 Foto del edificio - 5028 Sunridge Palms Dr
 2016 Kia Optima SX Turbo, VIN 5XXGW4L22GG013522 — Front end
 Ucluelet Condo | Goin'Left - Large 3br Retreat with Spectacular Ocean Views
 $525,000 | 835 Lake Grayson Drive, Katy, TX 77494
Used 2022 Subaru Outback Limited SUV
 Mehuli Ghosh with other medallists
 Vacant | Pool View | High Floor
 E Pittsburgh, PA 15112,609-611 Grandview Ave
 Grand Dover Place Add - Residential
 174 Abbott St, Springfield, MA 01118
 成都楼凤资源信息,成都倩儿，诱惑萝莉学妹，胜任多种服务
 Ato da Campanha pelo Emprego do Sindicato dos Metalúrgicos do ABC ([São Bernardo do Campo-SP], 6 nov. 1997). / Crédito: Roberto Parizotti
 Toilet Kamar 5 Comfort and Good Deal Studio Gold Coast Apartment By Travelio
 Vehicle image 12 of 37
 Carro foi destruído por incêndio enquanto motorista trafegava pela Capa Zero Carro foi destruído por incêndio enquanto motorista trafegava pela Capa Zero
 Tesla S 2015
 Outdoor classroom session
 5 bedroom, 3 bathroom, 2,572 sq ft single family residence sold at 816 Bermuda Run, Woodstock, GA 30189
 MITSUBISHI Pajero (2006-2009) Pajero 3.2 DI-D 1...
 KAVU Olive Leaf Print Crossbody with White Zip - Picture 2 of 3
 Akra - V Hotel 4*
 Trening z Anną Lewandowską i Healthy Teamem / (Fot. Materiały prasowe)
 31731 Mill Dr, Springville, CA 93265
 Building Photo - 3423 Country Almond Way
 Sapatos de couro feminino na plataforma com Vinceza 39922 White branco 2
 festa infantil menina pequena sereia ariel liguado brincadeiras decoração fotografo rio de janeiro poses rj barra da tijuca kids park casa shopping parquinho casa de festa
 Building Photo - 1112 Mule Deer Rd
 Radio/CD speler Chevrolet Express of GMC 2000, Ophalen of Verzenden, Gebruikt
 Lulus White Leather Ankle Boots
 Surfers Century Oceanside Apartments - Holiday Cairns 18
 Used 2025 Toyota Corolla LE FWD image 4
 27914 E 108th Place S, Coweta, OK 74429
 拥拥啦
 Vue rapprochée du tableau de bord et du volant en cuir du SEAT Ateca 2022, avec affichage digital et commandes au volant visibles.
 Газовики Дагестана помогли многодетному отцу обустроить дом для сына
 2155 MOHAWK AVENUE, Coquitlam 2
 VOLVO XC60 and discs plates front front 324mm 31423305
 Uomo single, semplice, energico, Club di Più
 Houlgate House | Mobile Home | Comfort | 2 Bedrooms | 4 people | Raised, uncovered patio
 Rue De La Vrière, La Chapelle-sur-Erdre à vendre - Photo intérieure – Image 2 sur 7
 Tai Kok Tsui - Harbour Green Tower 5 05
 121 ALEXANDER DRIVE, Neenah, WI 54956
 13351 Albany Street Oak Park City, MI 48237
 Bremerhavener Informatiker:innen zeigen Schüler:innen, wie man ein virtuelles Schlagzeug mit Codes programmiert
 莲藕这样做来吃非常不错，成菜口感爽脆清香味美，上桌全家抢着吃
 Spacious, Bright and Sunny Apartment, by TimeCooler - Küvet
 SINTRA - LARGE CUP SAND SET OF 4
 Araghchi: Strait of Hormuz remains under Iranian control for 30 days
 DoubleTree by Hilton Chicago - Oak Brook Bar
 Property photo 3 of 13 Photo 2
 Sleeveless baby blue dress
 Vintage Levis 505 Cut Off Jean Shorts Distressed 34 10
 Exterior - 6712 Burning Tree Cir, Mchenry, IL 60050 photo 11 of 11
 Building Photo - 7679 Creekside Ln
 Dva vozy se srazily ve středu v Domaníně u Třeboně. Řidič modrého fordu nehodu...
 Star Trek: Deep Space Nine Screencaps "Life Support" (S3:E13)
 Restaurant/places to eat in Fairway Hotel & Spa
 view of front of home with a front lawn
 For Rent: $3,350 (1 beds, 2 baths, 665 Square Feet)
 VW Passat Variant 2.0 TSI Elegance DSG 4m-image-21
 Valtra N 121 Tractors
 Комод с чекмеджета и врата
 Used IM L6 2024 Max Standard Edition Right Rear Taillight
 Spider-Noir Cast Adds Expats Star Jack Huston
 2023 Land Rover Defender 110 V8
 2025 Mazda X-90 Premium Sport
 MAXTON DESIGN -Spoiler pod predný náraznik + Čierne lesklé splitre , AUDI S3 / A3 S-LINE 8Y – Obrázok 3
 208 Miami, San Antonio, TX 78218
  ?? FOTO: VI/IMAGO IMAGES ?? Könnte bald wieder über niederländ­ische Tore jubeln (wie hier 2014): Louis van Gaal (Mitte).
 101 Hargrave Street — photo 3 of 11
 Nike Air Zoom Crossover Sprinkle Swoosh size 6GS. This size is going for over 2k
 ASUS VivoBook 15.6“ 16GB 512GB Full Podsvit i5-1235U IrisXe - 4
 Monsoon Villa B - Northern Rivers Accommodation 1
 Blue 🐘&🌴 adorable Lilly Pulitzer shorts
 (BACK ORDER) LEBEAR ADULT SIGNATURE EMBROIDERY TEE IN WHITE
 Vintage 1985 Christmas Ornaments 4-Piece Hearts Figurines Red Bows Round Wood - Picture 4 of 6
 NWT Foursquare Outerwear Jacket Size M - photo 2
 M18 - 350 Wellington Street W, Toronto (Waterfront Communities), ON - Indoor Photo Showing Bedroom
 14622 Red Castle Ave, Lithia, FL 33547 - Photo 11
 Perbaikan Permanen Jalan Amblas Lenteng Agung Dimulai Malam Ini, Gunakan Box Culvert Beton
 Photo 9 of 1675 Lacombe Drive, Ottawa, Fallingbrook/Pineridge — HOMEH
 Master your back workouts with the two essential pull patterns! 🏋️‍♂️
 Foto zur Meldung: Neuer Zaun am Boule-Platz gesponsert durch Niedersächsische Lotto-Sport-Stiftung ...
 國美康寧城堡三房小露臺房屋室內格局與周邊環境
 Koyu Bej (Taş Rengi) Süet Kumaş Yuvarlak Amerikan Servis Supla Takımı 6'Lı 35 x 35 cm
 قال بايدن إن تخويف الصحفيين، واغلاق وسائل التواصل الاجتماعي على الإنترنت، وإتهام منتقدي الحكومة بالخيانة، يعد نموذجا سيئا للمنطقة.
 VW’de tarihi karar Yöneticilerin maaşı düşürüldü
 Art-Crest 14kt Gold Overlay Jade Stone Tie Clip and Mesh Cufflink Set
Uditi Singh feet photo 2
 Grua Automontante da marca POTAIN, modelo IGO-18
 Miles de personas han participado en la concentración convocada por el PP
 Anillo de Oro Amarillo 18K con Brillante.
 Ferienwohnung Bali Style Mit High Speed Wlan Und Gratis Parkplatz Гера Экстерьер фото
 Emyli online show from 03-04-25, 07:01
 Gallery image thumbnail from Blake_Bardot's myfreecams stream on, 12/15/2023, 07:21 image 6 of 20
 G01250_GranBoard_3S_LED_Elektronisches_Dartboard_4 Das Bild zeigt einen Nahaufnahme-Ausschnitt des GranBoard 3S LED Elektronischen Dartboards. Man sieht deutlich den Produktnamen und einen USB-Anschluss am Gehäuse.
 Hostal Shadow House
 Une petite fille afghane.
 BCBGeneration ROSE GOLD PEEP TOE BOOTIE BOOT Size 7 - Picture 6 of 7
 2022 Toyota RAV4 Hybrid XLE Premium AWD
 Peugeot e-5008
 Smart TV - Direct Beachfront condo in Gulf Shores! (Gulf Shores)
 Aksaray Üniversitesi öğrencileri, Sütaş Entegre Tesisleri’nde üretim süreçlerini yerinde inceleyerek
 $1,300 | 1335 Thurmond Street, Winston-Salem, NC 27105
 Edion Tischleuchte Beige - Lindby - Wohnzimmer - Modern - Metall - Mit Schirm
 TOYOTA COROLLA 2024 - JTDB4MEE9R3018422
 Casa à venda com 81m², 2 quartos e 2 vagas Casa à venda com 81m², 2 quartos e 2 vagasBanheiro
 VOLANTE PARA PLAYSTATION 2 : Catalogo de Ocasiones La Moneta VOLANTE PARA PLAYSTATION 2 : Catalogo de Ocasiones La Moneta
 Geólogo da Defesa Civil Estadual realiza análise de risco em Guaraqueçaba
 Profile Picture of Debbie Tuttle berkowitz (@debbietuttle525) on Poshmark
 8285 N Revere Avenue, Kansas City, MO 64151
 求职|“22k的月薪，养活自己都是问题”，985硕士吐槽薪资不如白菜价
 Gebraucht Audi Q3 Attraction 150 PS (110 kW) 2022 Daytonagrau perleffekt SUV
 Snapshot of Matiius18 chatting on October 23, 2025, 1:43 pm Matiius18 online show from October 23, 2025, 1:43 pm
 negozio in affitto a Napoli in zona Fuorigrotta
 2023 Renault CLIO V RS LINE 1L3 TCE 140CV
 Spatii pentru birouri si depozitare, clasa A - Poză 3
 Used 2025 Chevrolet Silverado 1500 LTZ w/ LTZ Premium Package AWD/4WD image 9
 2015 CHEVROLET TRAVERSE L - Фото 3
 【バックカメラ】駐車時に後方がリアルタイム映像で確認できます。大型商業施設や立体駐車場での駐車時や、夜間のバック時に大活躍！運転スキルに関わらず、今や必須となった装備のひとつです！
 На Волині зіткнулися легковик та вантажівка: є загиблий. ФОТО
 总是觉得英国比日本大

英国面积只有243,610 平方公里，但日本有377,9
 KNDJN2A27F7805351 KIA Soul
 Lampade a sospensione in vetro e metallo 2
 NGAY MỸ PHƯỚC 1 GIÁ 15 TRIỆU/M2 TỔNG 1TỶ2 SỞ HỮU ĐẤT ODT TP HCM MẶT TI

=====

## TASK TO CARRY OUT
Copy back the listing above exactly, but only from the line with "Vintage Levis 505" through the line with "Master your back", both ends included.

## OUTPUT OF THE TASK
 Vintage Levis 505 Cut Off Jean Shorts Distressed 34 10
 Exterior - 6712 Burning Tree Cir, Mchenry, IL 60050 photo 11 of 11
 Building Photo - 7679 Creekside Ln
 Dva vozy se srazily ve středu v Domaníně u Třeboně. Řidič modrého fordu nehodu...
 Star Trek: Deep Space Nine Screencaps "Life Support" (S3:E13)
 Restaurant/places to eat in Fairway Hotel & Spa
 view of front of home with a front lawn
 For Rent: $3,350 (1 beds, 2 baths, 665 Square Feet)
 VW Passat Variant 2.0 TSI Elegance DSG 4m-image-21
 Valtra N 121 Tractors
 Комод с чекмеджета и врата
 Used IM L6 2024 Max Standard Edition Right Rear Taillight
 Spider-Noir Cast Adds Expats Star Jack Huston
 2023 Land Rover Defender 110 V8
 2025 Mazda X-90 Premium Sport
 MAXTON DESIGN -Spoiler pod predný náraznik + Čierne lesklé splitre , AUDI S3 / A3 S-LINE 8Y – Obrázok 3
 208 Miami, San Antonio, TX 78218
  ?? FOTO: VI/IMAGO IMAGES ?? Könnte bald wieder über niederländ­ische Tore jubeln (wie hier 2014): Louis van Gaal (Mitte).
 101 Hargrave Street — photo 3 of 11
 Nike Air Zoom Crossover Sprinkle Swoosh size 6GS. This size is going for over 2k
 ASUS VivoBook 15.6“ 16GB 512GB Full Podsvit i5-1235U IrisXe - 4
 Monsoon Villa B - Northern Rivers Accommodation 1
 Blue 🐘&🌴 adorable Lilly Pulitzer shorts
 (BACK ORDER) LEBEAR ADULT SIGNATURE EMBROIDERY TEE IN WHITE
 Vintage 1985 Christmas Ornaments 4-Piece Hearts Figurines Red Bows Round Wood - Picture 4 of 6
 NWT Foursquare Outerwear Jacket Size M - photo 2
 M18 - 350 Wellington Street W, Toronto (Waterfront Communities), ON - Indoor Photo Showing Bedroom
 14622 Red Castle Ave, Lithia, FL 33547 - Photo 11
 Perbaikan Permanen Jalan Amblas Lenteng Agung Dimulai Malam Ini, Gunakan Box Culvert Beton
 Photo 9 of 1675 Lacombe Drive, Ottawa, Fallingbrook/Pineridge — HOMEH
 Master your back workouts with the two essential pull patterns! 🏋️‍♂️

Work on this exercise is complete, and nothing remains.